As each variant is loaded into the gemini database framework, it is being compared against several annotation files that come installed with the software. We have developed an annotation framework that leverages Tabix, BEDTools, and pybedtools to make things easy and fairly performant. The idea is that, by augmenting VCF files with many informative annotations, and converting the information into a sqlite database framework, gemini provides a flexible database-driven API for data exploration, visualization, population genomics and medical genomics. We feel that this ability to integrate variation with the growing wealth of gemome annotations is the most compelling aspect of gemini gemini. Combining this with the ability to explore data with SQL using a database design that can scale to 1000s of individuals (genotypes too!) makes for a tasty data exploration cupcake. Here are some examples of the things you can do.

Ad hoc queries. Return all loss-of-function INDELs.

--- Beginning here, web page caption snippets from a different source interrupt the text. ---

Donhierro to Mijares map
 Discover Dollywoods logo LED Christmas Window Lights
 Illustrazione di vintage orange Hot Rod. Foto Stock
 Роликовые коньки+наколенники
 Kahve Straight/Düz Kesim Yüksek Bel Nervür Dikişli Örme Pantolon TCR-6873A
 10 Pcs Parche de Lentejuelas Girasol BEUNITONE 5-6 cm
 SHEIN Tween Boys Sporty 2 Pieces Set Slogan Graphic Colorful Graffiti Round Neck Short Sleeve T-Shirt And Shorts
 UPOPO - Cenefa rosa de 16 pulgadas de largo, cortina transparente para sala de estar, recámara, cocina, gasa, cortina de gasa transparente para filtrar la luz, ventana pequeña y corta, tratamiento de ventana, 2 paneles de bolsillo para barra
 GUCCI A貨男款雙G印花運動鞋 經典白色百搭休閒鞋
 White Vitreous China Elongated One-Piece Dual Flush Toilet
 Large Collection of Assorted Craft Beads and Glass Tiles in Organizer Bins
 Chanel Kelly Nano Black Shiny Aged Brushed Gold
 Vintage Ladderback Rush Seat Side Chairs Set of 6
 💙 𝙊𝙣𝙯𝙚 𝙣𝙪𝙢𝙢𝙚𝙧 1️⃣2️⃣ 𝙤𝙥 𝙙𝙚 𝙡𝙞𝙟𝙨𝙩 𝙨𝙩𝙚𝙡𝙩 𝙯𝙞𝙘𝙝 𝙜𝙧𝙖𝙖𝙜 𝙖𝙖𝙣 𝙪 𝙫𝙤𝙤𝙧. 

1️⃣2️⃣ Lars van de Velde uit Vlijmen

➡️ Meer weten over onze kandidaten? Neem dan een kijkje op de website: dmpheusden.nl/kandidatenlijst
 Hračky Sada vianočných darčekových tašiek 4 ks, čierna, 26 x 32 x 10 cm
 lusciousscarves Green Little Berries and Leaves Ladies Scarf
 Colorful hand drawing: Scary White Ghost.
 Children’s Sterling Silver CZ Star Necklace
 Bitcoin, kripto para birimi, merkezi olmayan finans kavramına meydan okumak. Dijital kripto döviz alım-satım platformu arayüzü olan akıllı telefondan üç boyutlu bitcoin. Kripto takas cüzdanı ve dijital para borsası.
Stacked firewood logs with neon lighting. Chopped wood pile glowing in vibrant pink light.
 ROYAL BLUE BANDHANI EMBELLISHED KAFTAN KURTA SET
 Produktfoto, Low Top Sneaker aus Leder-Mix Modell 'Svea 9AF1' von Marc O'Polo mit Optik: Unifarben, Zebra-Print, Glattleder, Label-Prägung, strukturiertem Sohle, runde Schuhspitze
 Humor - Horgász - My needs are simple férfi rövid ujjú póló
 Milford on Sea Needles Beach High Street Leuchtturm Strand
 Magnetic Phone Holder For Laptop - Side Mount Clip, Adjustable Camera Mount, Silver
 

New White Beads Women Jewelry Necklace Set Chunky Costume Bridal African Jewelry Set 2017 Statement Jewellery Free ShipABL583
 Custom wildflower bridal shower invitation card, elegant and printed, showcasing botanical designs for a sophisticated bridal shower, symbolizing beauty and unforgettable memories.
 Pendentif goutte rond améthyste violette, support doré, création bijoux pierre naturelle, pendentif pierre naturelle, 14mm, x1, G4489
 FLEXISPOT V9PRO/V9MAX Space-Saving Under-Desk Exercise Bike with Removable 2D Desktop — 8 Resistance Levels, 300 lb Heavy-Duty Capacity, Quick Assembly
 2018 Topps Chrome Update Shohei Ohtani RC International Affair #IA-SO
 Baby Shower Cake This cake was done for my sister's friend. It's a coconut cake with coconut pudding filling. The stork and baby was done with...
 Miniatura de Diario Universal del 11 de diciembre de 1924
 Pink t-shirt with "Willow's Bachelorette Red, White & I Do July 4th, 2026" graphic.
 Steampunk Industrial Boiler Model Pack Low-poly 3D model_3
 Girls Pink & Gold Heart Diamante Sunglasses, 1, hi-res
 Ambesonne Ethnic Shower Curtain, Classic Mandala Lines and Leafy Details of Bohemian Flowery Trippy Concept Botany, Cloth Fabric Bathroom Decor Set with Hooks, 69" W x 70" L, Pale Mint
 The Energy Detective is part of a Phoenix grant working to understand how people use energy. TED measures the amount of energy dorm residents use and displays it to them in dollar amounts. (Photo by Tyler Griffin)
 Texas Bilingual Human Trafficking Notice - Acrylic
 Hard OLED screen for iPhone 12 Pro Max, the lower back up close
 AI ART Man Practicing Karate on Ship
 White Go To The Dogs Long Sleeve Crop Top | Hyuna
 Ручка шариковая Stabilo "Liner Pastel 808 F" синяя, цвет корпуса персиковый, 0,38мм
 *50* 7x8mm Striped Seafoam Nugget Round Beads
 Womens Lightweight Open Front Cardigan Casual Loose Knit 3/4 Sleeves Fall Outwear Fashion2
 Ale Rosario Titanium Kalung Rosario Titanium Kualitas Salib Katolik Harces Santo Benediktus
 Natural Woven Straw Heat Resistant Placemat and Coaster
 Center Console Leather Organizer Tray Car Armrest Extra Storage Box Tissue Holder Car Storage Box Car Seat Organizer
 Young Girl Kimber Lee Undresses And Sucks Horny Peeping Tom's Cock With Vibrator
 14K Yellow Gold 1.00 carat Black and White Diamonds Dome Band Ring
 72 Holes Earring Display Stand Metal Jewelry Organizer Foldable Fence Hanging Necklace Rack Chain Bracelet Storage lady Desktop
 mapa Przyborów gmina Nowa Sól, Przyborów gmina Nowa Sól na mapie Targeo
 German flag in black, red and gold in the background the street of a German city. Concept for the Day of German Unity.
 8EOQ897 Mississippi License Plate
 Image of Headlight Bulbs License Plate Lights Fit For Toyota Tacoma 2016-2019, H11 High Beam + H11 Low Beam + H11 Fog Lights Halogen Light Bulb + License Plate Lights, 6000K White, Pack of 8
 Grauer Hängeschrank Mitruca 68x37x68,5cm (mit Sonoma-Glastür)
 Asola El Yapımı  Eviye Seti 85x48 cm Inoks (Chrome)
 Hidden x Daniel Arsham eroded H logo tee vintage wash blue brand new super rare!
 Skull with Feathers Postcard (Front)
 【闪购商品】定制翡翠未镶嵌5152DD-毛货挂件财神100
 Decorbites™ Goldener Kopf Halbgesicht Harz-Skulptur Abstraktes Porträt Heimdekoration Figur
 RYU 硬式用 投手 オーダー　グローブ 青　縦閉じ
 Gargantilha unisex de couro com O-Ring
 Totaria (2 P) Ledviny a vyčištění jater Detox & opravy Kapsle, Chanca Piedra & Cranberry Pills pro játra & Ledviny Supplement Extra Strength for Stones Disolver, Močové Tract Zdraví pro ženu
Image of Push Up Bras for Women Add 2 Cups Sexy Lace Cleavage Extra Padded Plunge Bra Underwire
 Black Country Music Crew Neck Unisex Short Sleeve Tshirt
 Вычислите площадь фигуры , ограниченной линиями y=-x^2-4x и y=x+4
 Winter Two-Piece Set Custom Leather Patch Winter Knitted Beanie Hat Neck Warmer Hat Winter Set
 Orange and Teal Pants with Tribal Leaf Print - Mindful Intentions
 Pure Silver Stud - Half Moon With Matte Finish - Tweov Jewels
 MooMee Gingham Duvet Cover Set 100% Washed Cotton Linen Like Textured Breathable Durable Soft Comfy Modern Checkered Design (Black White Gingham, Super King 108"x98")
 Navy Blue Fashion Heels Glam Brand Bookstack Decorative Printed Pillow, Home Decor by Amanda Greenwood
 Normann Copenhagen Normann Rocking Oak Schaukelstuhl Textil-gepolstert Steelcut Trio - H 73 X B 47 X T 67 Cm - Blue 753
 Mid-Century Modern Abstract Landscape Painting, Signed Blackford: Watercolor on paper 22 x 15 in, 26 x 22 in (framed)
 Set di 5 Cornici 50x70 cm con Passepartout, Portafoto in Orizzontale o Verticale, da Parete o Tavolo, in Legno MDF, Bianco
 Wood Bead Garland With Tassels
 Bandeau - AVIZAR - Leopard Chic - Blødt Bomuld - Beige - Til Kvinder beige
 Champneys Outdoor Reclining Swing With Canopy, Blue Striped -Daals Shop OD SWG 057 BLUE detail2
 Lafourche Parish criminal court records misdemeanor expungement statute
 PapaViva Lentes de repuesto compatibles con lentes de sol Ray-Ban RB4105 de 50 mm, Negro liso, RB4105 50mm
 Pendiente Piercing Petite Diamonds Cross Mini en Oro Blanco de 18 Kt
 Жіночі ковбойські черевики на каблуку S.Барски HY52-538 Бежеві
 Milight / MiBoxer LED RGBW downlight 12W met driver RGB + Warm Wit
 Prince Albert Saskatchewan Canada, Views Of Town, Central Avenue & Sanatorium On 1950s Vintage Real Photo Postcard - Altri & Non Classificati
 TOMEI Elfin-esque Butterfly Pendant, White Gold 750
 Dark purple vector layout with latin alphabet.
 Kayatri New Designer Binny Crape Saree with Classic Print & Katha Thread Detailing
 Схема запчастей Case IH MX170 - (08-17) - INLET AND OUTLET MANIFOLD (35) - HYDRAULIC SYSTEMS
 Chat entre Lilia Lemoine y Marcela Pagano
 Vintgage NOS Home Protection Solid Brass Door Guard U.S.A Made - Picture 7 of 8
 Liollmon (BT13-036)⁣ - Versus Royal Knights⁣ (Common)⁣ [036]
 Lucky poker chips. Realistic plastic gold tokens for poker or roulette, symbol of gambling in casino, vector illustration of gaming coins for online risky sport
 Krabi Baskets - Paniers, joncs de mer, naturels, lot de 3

$ gemini query -q "select * from variants where type = 'indel' and is_lof = 1" my.db

Pre-defined analysis short-cuts. Compute the ratio of transitions to transversions::

$ gemini stats --tstv my.db
transitions	transversions	ts/tv
1,302,778	511,578		2.547

A framework for exploring genetic variation in the context of built-in genome annotations. Return the coordinates, alleles, and clinical significance of all OMIM variants with an alternate allele frequency l.t.e 1%::

$ gemini query -q "select chrom, start, ref, alt, clin_sigs \
                 from variants where in_omim = 1 and aaf < 0.1" my.db

A platform for genomic discovery A simple to use framework for developers to create new tools.

Current annotations that are derived for each variant are listed below. We emphasize that this is a very preliminary list. Using the framework we have developed, it is very easy for us to add new annotations. Therefore, we intend to add many other annotations including: ENCODE regulatory and histone modification tracks, conservation, GWAS analyses, etc.:

  • cyto_band: the chromosome band based on Giemsa staining
  • dbSNP status: is the variant in dbSNP? what are the rsIds?
  • OMIM status
  • Clinical significance
  • RepeatMasker annotations
  • Overlap with CpG Islands
  • Overlap with segmental duplications

Basic workflow

Import a VCF file into the gemini framework. We recommend first annotating your VCF with SnpEff or VEP (other tools may be supported soon). In the process of loading the VCF into the database framework, many other annotations are calculated for each variant and stored for subsequent querying/analysis. Note: If using snpEff, ee currently require VCFs to be annotated with version 3.0 or later.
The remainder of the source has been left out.